[Items from a data source]
++++++++++

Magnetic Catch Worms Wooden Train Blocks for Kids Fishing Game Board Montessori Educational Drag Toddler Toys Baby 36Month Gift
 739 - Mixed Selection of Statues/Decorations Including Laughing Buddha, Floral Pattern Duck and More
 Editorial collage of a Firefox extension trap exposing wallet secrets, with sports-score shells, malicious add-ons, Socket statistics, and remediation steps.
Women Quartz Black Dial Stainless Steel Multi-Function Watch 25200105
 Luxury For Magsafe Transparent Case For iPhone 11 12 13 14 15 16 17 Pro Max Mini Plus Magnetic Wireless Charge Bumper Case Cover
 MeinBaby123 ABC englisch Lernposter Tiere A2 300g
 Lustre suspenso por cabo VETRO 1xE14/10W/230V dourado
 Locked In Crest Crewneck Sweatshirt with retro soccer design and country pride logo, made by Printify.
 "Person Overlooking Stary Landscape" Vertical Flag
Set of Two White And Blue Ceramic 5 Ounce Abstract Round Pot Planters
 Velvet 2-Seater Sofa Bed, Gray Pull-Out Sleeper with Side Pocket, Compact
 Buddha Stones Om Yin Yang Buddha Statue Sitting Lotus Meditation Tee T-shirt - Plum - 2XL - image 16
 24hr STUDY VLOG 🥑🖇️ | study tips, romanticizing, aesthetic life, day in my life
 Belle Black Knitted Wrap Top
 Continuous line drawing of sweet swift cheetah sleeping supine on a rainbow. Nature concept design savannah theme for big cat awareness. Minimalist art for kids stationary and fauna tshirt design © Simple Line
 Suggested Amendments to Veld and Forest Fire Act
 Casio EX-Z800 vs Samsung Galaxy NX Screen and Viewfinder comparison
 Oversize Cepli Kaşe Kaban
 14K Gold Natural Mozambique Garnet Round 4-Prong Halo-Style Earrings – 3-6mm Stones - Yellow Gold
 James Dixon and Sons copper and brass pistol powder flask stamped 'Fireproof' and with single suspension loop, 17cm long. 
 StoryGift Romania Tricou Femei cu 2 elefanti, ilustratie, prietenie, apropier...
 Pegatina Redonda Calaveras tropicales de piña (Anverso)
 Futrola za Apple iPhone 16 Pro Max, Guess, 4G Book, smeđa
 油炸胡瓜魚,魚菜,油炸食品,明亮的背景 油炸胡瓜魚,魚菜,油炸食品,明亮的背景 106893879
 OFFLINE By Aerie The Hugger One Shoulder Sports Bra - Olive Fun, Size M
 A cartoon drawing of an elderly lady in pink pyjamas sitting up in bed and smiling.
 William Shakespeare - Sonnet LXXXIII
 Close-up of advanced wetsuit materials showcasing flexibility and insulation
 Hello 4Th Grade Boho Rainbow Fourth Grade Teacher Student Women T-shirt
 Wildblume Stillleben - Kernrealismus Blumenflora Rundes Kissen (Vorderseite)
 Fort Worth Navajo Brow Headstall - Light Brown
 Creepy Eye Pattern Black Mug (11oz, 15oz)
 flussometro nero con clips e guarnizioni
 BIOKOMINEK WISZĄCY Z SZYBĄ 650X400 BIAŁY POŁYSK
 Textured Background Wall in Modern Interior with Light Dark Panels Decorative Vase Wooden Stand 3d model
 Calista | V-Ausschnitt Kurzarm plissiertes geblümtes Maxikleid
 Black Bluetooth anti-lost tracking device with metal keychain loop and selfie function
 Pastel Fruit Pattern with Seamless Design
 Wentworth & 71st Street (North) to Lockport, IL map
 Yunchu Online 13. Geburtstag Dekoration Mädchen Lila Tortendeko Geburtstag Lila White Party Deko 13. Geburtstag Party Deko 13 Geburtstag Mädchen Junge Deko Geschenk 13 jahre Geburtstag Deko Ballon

++++++++++

### Brief
Among the entries above, the line containing "24hr STUDY VLOG", the line containing "14K Gold Natural", and all lines between them are to be restated word for word; nothing else belongs in the reply.

### Exercise solution
 24hr STUDY VLOG 🥑🖇️ | study tips, romanticizing, aesthetic life, day in my life
 Belle Black Knitted Wrap Top
 Continuous line drawing of sweet swift cheetah sleeping supine on a rainbow. Nature concept design savannah theme for big cat awareness. Minimalist art for kids stationary and fauna tshirt design © Simple Line
 Suggested Amendments to Veld and Forest Fire Act
 Casio EX-Z800 vs Samsung Galaxy NX Screen and Viewfinder comparison
 Oversize Cepli Kaşe Kaban
 14K Gold Natural Mozambique Garnet Round 4-Prong Halo-Style Earrings – 3-6mm Stones - Yellow Gold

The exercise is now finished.